There's a problem with this idea of intuitive. "using or based on what one feels to be true even without conscious reasoning; instinctive."
I'm curious about how a computer is supposed to be intuitive.
Let's take a journey into the past for a moment and look at historical computing machines, what they were used for, why they were built. I'll take as an example the artillery computer on a warship from the great war that brought the technology upon us.
Differential Analyzers were mechanical devices which performed calculators. When it came to the use of these devices in ship-board artillery, the interface was simplified to assorted knobs and gauges where the operator dialed in the appropriate parameters to get the necessary result. However, the action being performed - the calculation of trajectory using mathematics - was in no way simpler or more intuitive, it was buried under an appropriate interface that hid the details necessary for performing the task at hand. This had the result of making it so an artillery man no longer needed to concern himself with the deeper understanding of the task he was performing.

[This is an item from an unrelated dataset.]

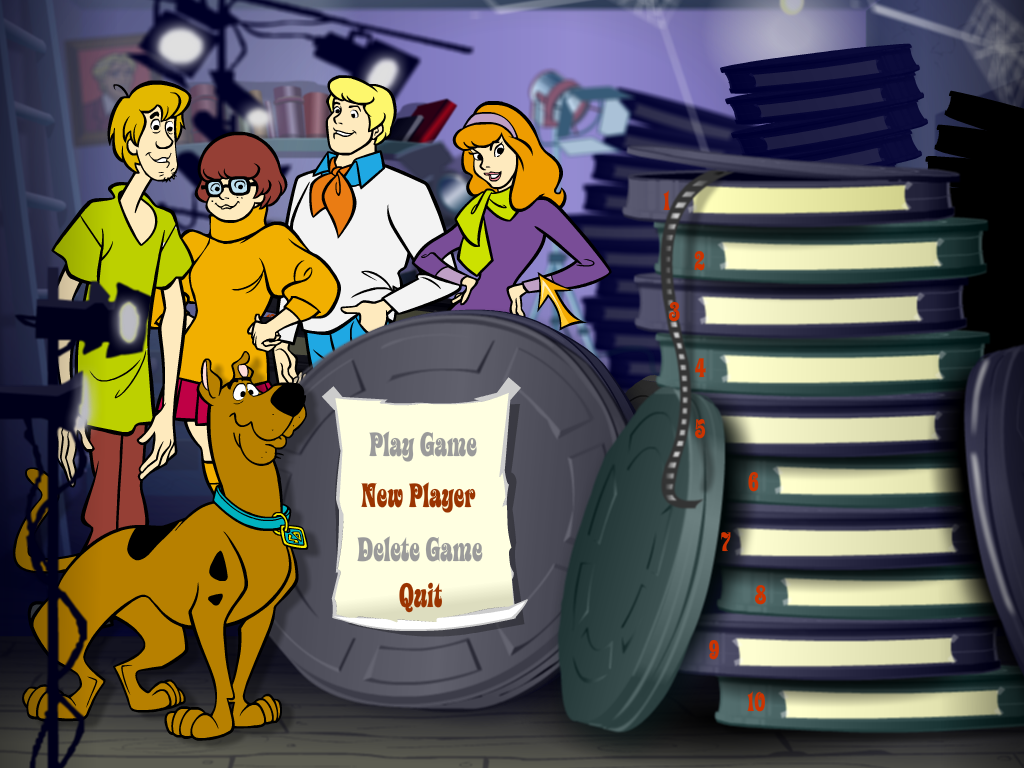 Scooby-Doo!: Case File #3 - Frights! Camera! Mystery! (Windows) screenshot: Main menu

I fear we've run head-long into this case where we expect our tools to do the work for us rather than allowing us to work more efficiently.
I'm seeing 'simplified' interfaces slapped onto complex machines that end up overlooking the details. I'm seeing this idea that the tool needs to to the job, that the user need not understand how the job is done. That is not a good thing.
Computers don't have the potential to change the world, they already have. Unfortunately, as a direct result of how deeply they've changed the world, we no longer feel it necessary to actually learn what we're doing.
We just want the computer to do it for us.